An ordinary man with an extraordinary story
It started out as a high fever that would not subside. So, Mr. Najmus Ahmed's family had him admitted to a hospital in Bangladesh. Thinking it was just dengue, he remained optimistic. But a few days later, in March 2011, he was transferred to Parkway Cancer Centre (PCC) in Singapore.
He awoke in a haematology ward and he said recalling, "I was clueless when I met Dr. Teo. But he informed me that I had the 'best' type of leukemia possible as it was the most treatable."
It was only after his first round of chemotherapy that reality sank in. "It finally hit me," he said. "I had leukemia. It was a shock." But Dr. Teo allayed his fears. "Dr. Teo was very open with me. He told me I was strong and that I could fight it. He said at 45 years of age, I would probably survive," Mr. Ahmed shared.
Although his treatment was going smoothly, it was not without side effects. The drugs also caused insomnia. He had depression midway through the treatment, but with the support of his son and his father, both of whom had travelled to Singapore to accompany him for the duration of his treatment, Mr. Ahmed pulled through. In fact, their support was so invaluable that he wrote a book about it – titled When Time Stops – where Mr.
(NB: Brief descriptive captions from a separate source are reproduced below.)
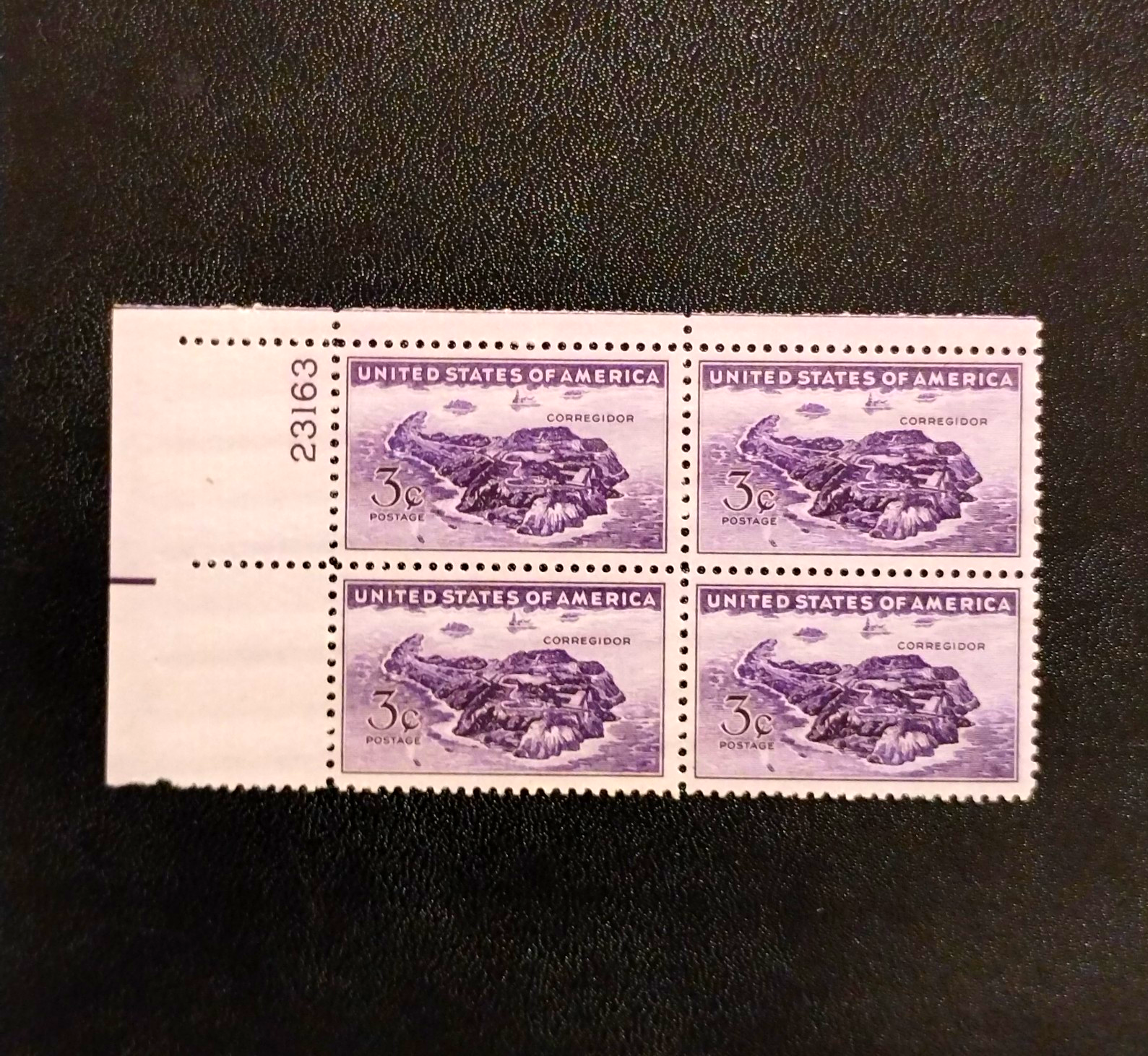 United States #925 Philippines Corregidor 3¢ Violet Plate Block of 4 Mint 1944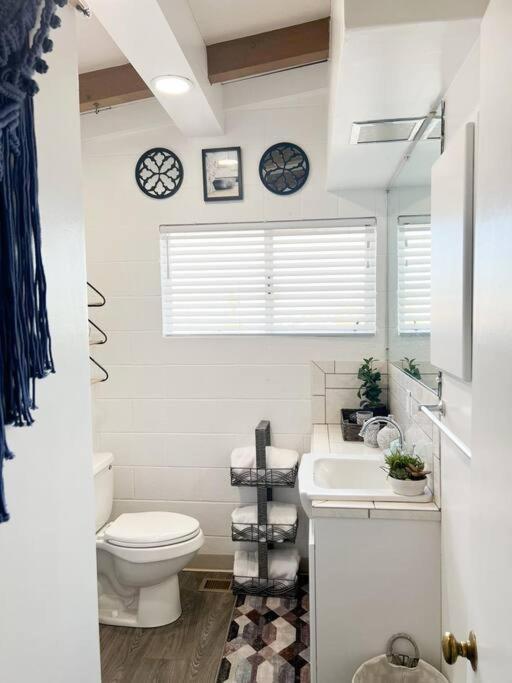 Joshua Tree National Park - Cozy Palms Getaway Apartment Twentynine Palms Bagian luar foto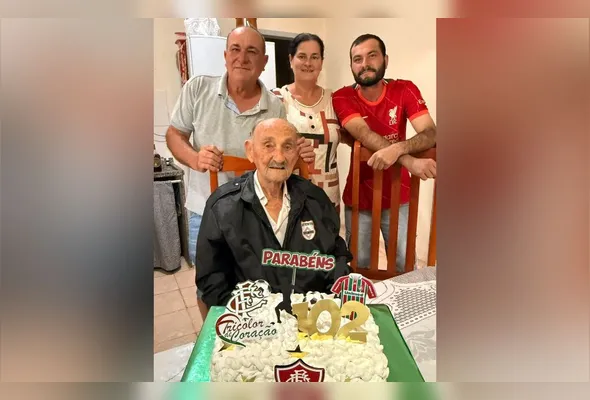 Ademar Gonçalves e filho Ademar Júnior, a nora Márcia Dalvi e o neto João Marcos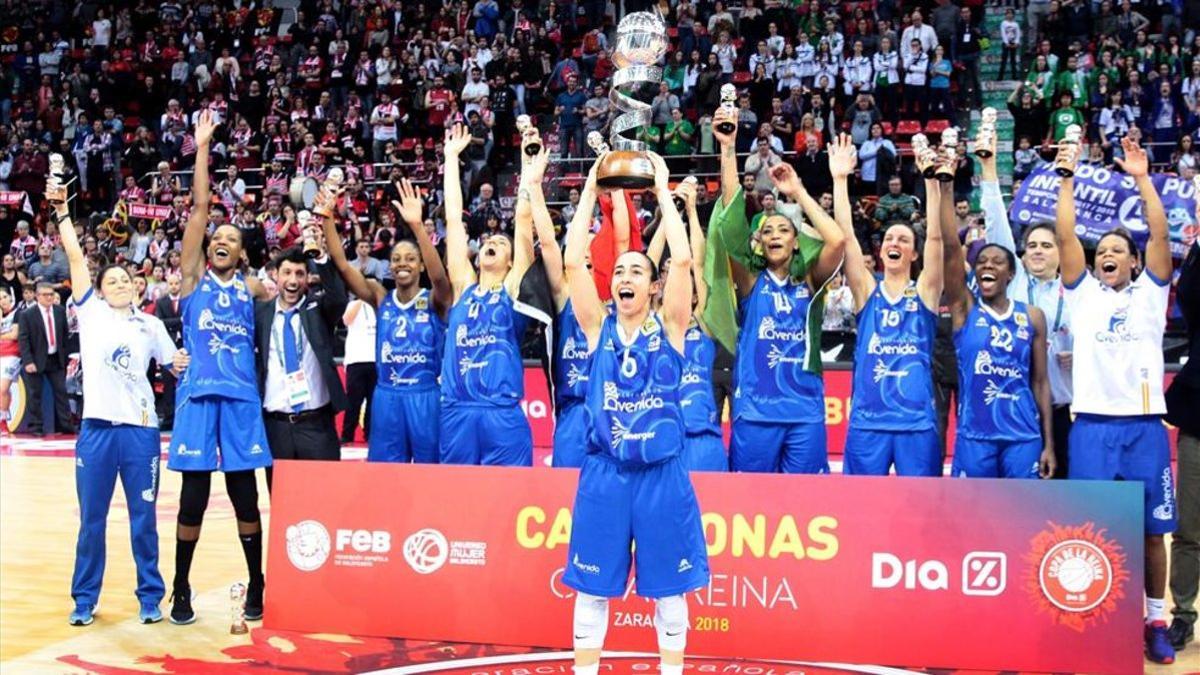 El Perfumerías Avenida ya levantó la Copa de la Reina en la edición del año pasado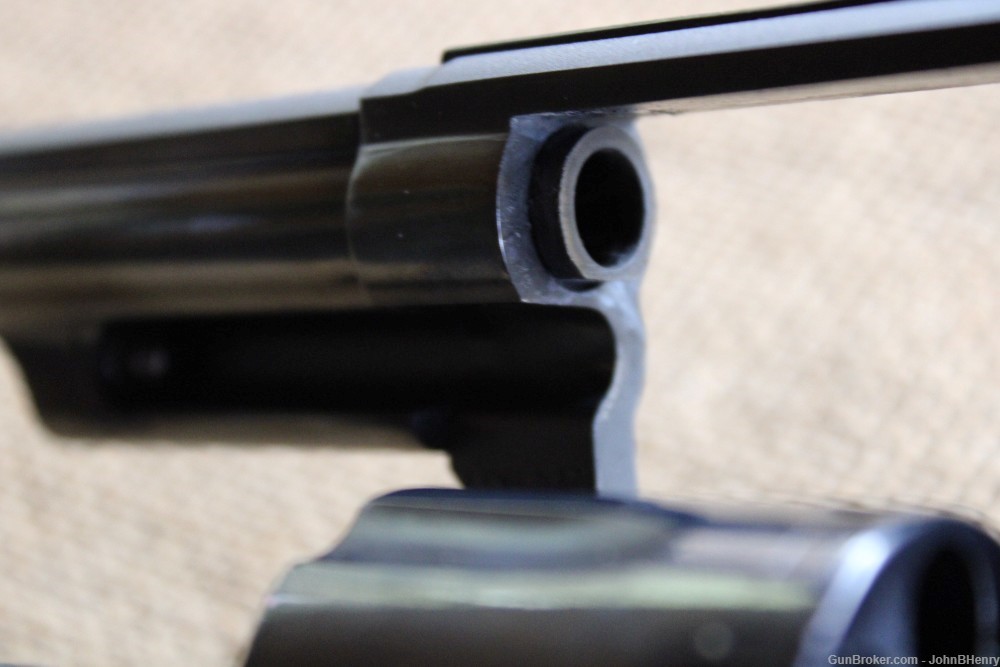 Smith & Wesson Model 19 357 mag Revolver In Original Box  VERY NICE!-img-16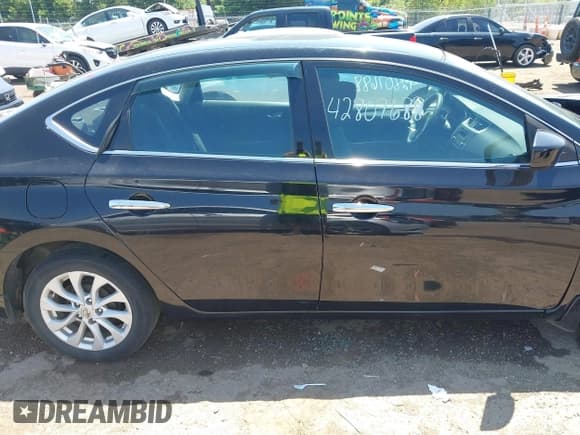 ✅ 2017 Nissan Sentra SL • VIN: 3N1AB7AP5HY365670 • Lot: 42807688. Wystawiony na IAAI z przebiegiem 167 557 mil. Bezpłatny archiwum sprzedaży aukcyjnych z USA i szczegółowy raport historii pojazdu na DreamBid. Zdjęcie 14.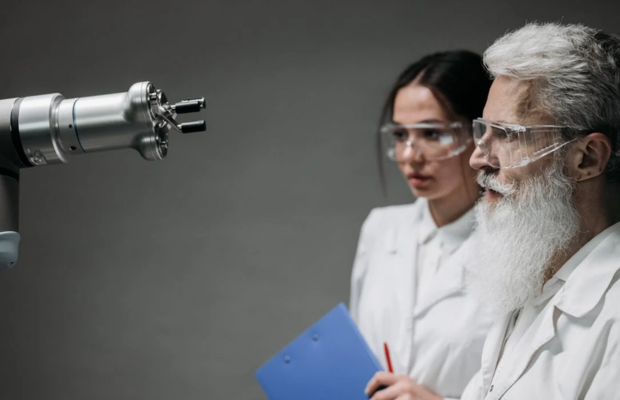 China impulsa el uso de robots para el cuidado de adultos mayores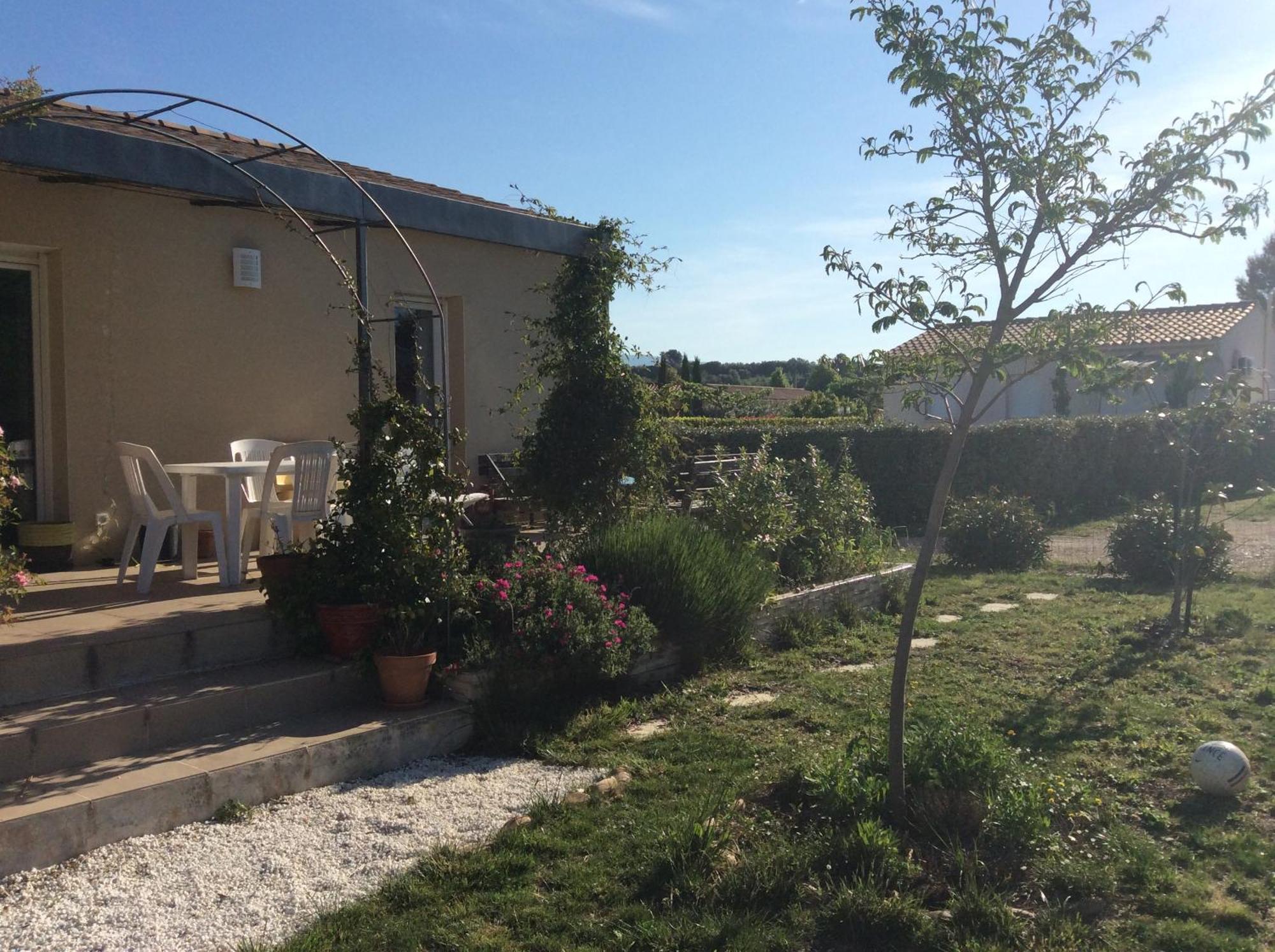 Chambre D Hotes Dans Le Vaucluse Мазан Екстериор снимка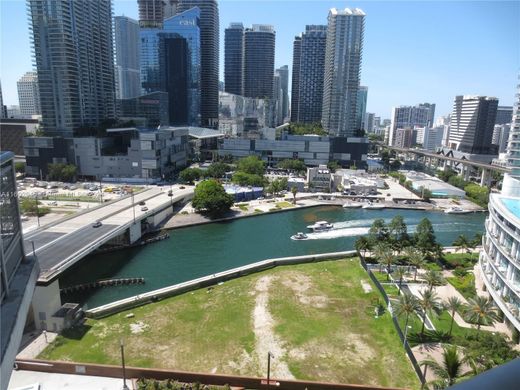 Wohnkomplexe in Miami, Miami-Dade County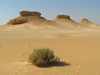 Algeria / Algerie - Sahara desert : mesas - unusual sandstone formations - photo by J.Kaman
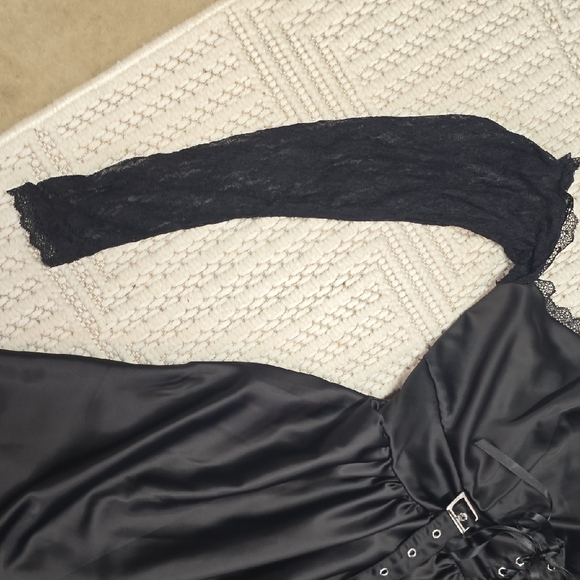 Black Gothic Lace Dress - Picture 5 of 14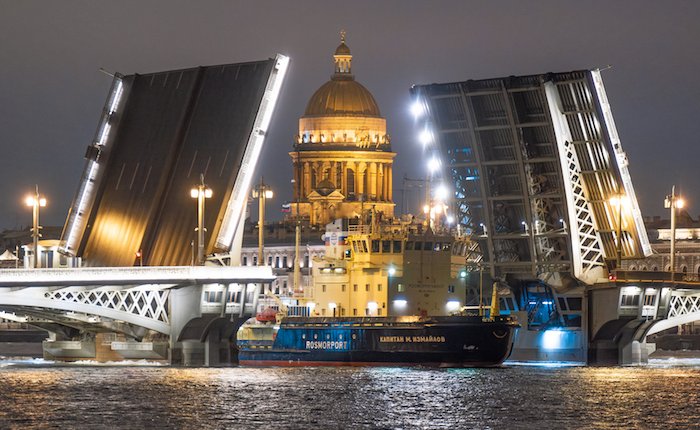 St. Petersburg'daki köprüler Akkuyu NGS için açıldı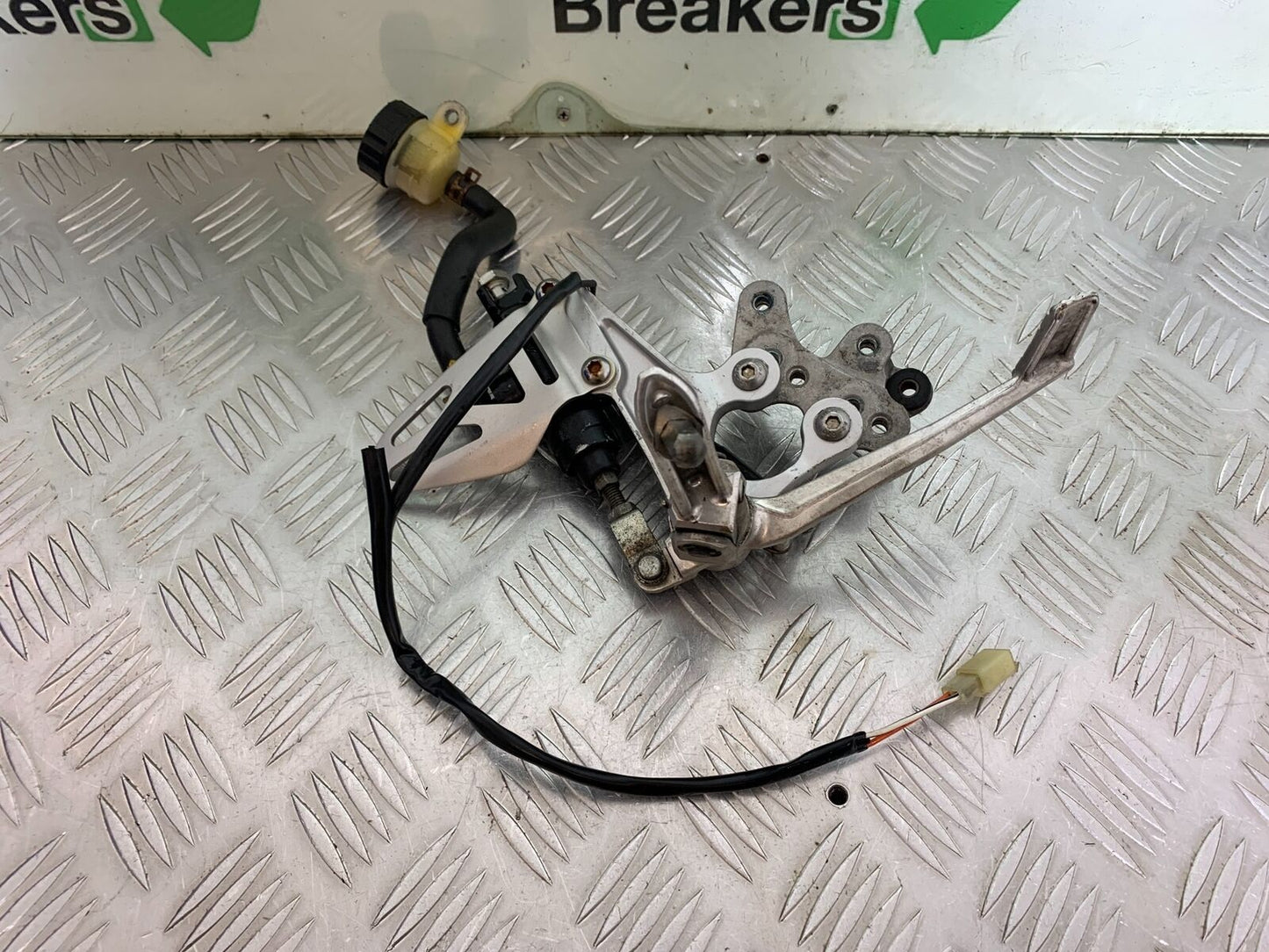 SUZUKI GSXR1000 GSXR 1000 FRONT RIGHT HANGER   2009-2016 (CMB1049)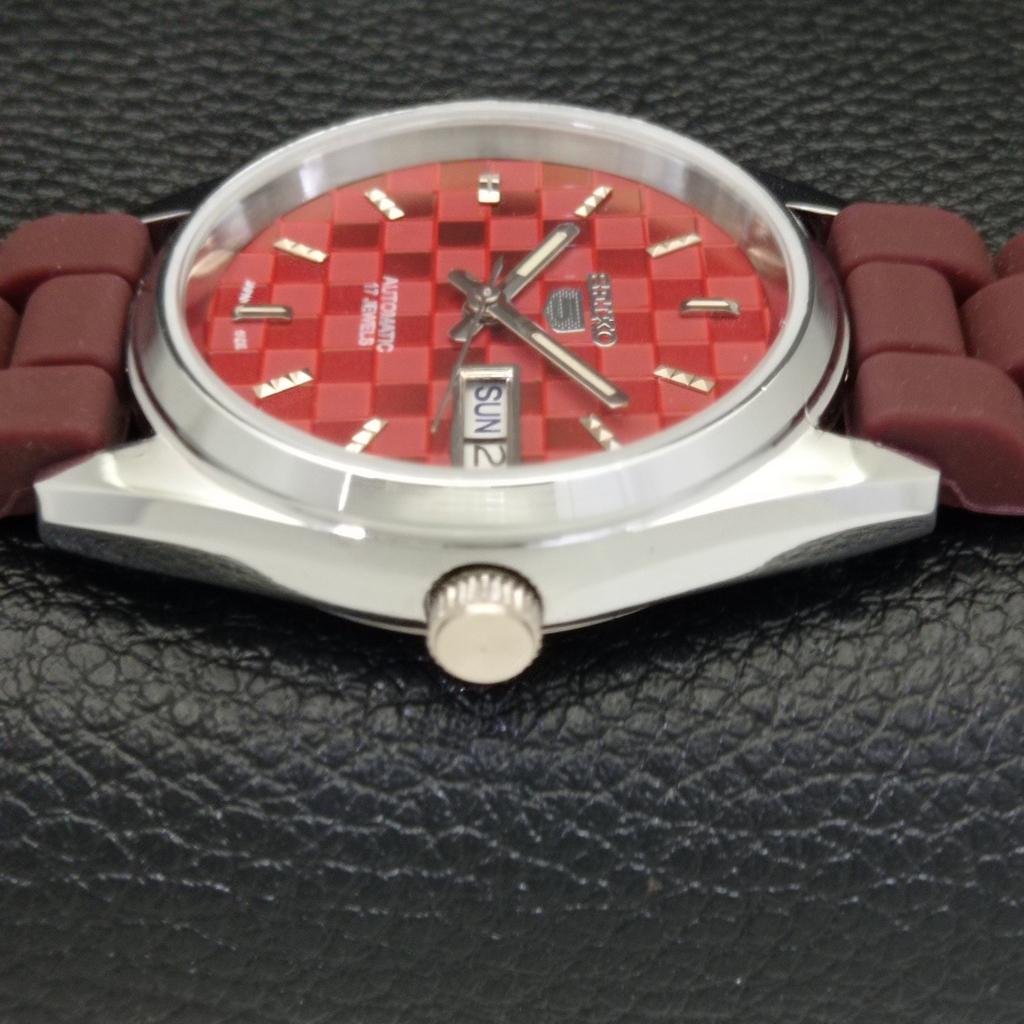 ВОССТАНОВЛЕННЫЕ МУЖСКИЕ АВТОМАТИЧЕСКИЕ ЧАСЫ SEIKO 5 СДЕЛАНЫ В ЯПОНИИ КРАСНЫЙ ЦИФЕРБЛАТ ЗАКАЗНЫЕ a440090-2 QV90-a440090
Ahmed talks about his heartfelt gratitude for his family's support and the fact that cancer can be beaten.
When his chemotherapy concluded in August 2011, Mr. Ahmed returned to Bangladesh. Taking the advice of Dr. Teo to lead a less stressful life, he left his previous job in a manufacturing firm and started his own corporate consulting firm where he is now able to have more relaxed hours.
Driven by a deep desire to see others battle cancer successfully, Mr. Ahmed started I Beat Cancer. What prompted the birth of the initiative was a newspaper clipping he had seen on his flight back to his home country.
"There was a small notice in the newspaper," Mr. Ahmed shared. "A young girl was asking for funds to battle the exact same kind of leukemia I had just recovered from." A deeply spiritual man, he did not take it to be mere coincidence. So he began speaking to friends, asking for donations, and finally, he raised enough money to purchase the drugs the girl required for a year's worth of treatment.
"Now she's married with her first child!" he said.
That's how a cancer survivor turned his weakness into strength and used that strength to help other cancer patients in need. Najmus Ahmed Albab is now the founder and trustee of Bangladesh Cancer Aid Trust (BANCAT).